The nation’s largest teachers’ union has quietly taken down a series of adopted and proposed resolutions from its website, including one that calls for the organization to defend the teaching of Marxism-rooted critical race theory (CRT) in public schools.

The National Education Association (NEA), which represents more than 3 million employees in public education, previously showed on its website resolutions proposed during its 100th Representative Assembly. As of the morning of July 6, three days after the online convention concluded, visitors could use the website to track the status of those proposals, including whether they were approved, denied, or referred to a committee.

On Tuesday afternoon, however, a number of those agenda items disappeared from the NEA’s website. Their pages now redirect visitors to the 2021 assembly home page instead.

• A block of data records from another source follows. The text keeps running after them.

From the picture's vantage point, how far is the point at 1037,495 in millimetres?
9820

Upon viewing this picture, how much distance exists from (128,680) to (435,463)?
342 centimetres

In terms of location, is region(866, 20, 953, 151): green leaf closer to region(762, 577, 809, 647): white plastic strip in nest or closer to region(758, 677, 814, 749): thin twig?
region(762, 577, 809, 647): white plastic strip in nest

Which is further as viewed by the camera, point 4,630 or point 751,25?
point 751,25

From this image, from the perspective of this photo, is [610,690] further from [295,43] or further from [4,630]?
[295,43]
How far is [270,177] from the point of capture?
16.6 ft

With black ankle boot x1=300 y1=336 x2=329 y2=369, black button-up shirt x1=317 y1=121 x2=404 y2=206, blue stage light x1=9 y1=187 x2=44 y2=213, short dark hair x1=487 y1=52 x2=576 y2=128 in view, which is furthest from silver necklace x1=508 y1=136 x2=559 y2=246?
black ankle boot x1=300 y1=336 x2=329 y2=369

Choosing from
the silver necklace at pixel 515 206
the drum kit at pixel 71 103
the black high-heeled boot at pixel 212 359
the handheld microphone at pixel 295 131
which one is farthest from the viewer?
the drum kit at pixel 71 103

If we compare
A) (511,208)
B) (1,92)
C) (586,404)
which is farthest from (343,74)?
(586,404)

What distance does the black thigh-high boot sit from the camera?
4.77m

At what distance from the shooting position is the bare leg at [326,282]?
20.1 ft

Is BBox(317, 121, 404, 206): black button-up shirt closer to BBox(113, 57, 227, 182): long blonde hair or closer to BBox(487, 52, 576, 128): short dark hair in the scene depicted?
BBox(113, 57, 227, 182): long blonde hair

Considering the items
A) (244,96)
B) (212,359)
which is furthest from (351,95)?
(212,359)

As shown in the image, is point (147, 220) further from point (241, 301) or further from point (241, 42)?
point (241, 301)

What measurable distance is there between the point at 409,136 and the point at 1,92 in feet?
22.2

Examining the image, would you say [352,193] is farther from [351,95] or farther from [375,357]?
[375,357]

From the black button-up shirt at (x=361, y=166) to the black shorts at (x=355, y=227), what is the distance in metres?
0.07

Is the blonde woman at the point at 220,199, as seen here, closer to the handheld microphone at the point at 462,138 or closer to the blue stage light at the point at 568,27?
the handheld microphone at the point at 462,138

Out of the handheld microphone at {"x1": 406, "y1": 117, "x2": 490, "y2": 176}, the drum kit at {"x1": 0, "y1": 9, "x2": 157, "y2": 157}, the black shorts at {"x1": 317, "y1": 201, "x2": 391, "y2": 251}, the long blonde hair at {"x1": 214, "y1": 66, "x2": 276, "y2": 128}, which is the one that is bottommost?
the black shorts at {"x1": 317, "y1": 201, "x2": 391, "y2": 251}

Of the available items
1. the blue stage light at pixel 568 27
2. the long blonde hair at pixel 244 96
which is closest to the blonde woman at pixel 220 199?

Among the now-hidden approved resolutions was Business Item 39, which would cost the union at least $127,600 to advance a pro-CRT agenda. According to the plan, the NEA would share and publicize information about “what CRT is and what it is not,” dedicate a “team of staffers” to assist union members who “want to learn more and fight back against anti-CRT rhetoric,” and provide a study that critiques “power and oppression” in American society, including “white supremacy,” “cisheteropatriarchy,” and capitalism.

The measure would also affirm the NEA’s opposition to attempts to ban CRT or the New York Times’ highly controversial “1619 Project,” which recasts American history on the claim that the United States was founded, and remains today, a racist nation.

In addition, the measure called for an “accurate and honest” teaching of “unpleasant aspects of American history,” and described CRT as an appropriate framework for educators to address those topics.

“The Association will further convey that in teaching these topics, it is reasonable and appropriate for curriculum to be informed by academic frameworks for understanding and interpreting the impact of the past on current society, including critical race theory,” it said.

Another erased resolution, classified as New Business Item 2, essentially called for NEA to “research” into organizations that are pushing back against efforts to indoctrinate American children with CRT, such as The Heritage Foundation, a Washington-based conservative think tank that has been hosting vocal CRT opponents. It was passed with an initial annual budget of $56,500.
Also removed was New Business Item 33, which was not approved. Proposed by a representative from Oakland, California, it called for “mandatory safe and effective COVID-19 vaccinations and testing for all students and staff before returning to face-to-face instruction in the fall.”

The disappearance of NEA resolutions was first revealed and posted to social media by Jessica Anderson, the executive director of Heritage Action, the lobbying arm of The Heritage Foundation.

“3 days after their annual meeting concludes, [National Education Association], the nation’s largest teacher’s union, scrubs the agenda items announcing their nationwide campaign to push CRT from their website,” Anderson wrote on Twitter. “Why are they covering up their support for CRT?”

The NEA did not immediately respond to a request for comment on why the resolution pages were removed from its website or whether they will be made public again in the future.